Dalam beberapa tahun terakhir, ada kecenderungan yang meningkat untuk menghidupkan kembali desa-desa tradisional, atau kampung, dalam masyarakat modern. Desa-desa ini, yang dulunya merupakan tulang punggung masyarakat pedesaan, kini ditemukan kembali dan direvitalisasi seiring dengan pencarian masyarakat akan rasa keterhubungan, komunitas, dan keberlanjutan di dunia yang semakin mengalami urbanisasi.
Kampung adalah desa tradisional Melayu yang pernah menjadi jantung kehidupan pedesaan di Malaysia. Desa-desa ini merupakan komunitas yang erat dimana setiap orang saling mengenal satu sama lain dan masyarakatnya hidup harmonis dengan alam. Namun, seiring dengan modernisasi dan urbanisasi yang menyebar di Malaysia, banyak kampung yang tertinggal, dan penduduknya pindah ke kota untuk mencari peluang yang lebih baik.

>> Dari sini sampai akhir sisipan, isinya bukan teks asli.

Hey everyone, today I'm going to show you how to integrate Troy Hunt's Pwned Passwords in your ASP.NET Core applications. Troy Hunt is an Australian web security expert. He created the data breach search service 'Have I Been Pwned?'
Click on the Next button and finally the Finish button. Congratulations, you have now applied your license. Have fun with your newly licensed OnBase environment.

Namun kini, muncul minat baru terhadap kampung, seiring masyarakat mencari cara untuk kembali terhubung dengan asal usul mereka dan menjalani gaya hidup yang lebih berkelanjutan. Banyak kampung yang diubah menjadi komunitas ramah lingkungan, dengan penduduknya menanam makanan mereka sendiri, menggunakan sumber energi terbarukan, dan hidup selaras dengan alam. Desa-desa ini menjadi pusat kreativitas dan inovasi, dengan seniman, desainer, dan pengusaha berbondong-bondong datang ke sana untuk mencari inspirasi dan rasa kebersamaan.

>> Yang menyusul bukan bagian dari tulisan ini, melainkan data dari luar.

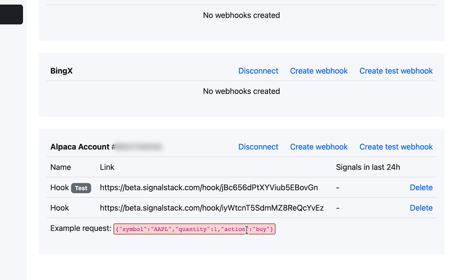Or God forbid, maybe you're not even near a computer. Maybe you're driving or you're in line at a store or something where you can't place an order. And this lets you trade when you can't trade. So that's it. I hope you guys enjoy it. I hope you guys like the product. Give it a shot.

Salah satu contoh keberhasilan kebangkitan kampung adalah pemukiman Sungai Buloh di Selangor, Malaysia. Dulunya merupakan desa terbengkalai di pinggiran Kuala Lumpur, Sungai Buloh telah berubah menjadi komunitas ramah lingkungan yang berkembang, dengan penduduknya menanam sayuran organik mereka sendiri, menggunakan tenaga surya, dan tinggal di rumah bambu yang ramah lingkungan. Desa ini telah menjadi model kehidupan berkelanjutan di Malaysia, menarik pengunjung dari seluruh dunia untuk belajar tentang praktik inovatifnya.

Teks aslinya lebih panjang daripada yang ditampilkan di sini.